Understanding the Multidimensional Warehouse

This chapter discusses:

Multidimensional Warehouse (MDW) architecture.
MDW composition.
MDW dimensions.
MDW facts.
MDW setup.
Moving data into the MDW.

MDW Architecture

EPM Foundation contains two functional layers:

The Operational Warehouse layer, which contains the normalized structures.

The Operational Warehouse is made up of two functional areas:
- Operational Warehouse Staging (OWS), to which source data is moved.
- Operational Warehouse Enriched (OWE), which stores enriched data generated for warehouse business units.
  
  The OWE is used primarily by PeopleSoft analytic applications.
The MDW, which contains the dimensional schema for business intelligence and ad hoc reporting.

The data in the MDW is stored in the form of star schemas and generally contains data loaded from the OWS.

Note. Although data loaded into the MDW primarily comes from the OWS, there are exceptions to this rule. Profitability and Global Consolidations data for the Financials Warehouse is loaded into the MDW from the OWE.

External survey data for the HCM Warehouse is loaded into the MDW from the OWE.

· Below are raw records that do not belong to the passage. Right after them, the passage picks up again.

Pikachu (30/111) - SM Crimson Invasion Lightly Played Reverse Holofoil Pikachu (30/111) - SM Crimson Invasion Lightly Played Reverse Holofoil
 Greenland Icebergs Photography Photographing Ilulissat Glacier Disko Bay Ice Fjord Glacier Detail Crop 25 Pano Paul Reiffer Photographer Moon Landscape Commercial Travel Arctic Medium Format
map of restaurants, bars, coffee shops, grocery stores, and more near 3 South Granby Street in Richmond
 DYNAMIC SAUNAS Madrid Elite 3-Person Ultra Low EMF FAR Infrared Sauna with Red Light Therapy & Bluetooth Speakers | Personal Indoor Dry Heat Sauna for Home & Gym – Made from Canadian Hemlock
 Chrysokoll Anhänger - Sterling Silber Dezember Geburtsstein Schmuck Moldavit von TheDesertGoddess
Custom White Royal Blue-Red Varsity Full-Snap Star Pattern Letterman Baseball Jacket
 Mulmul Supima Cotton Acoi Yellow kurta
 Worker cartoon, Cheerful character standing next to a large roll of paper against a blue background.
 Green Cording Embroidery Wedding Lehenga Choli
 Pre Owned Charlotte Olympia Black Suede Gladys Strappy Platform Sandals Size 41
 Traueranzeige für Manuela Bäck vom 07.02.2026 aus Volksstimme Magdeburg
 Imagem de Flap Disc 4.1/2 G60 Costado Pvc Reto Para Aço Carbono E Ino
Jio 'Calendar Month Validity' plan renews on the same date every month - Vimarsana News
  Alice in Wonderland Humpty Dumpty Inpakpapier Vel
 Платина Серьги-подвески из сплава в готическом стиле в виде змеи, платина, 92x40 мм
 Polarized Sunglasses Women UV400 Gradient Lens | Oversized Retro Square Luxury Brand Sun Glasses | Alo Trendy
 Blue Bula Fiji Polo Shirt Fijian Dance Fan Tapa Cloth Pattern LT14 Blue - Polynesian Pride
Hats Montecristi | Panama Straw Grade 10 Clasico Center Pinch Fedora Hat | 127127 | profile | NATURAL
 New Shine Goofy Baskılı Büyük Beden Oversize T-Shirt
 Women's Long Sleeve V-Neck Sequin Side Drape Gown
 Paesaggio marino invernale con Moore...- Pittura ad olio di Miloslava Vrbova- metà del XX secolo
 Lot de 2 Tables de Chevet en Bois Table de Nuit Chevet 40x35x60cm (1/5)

CRM Online Marketing data is loaded into the MDW directly from the source system and bypasses the Operational Warehouse entirely.

See Understanding PeopleSoft Enterprise Performance Management (EPM) Foundation.

MDW Composition

The MDW layer is built on the principle of dimensional modeling. Using this principle, data is grouped as it is related to one or more business processes. The data is primarily stored in a star schema—that is, a fact table surrounded by a series of dimension tables.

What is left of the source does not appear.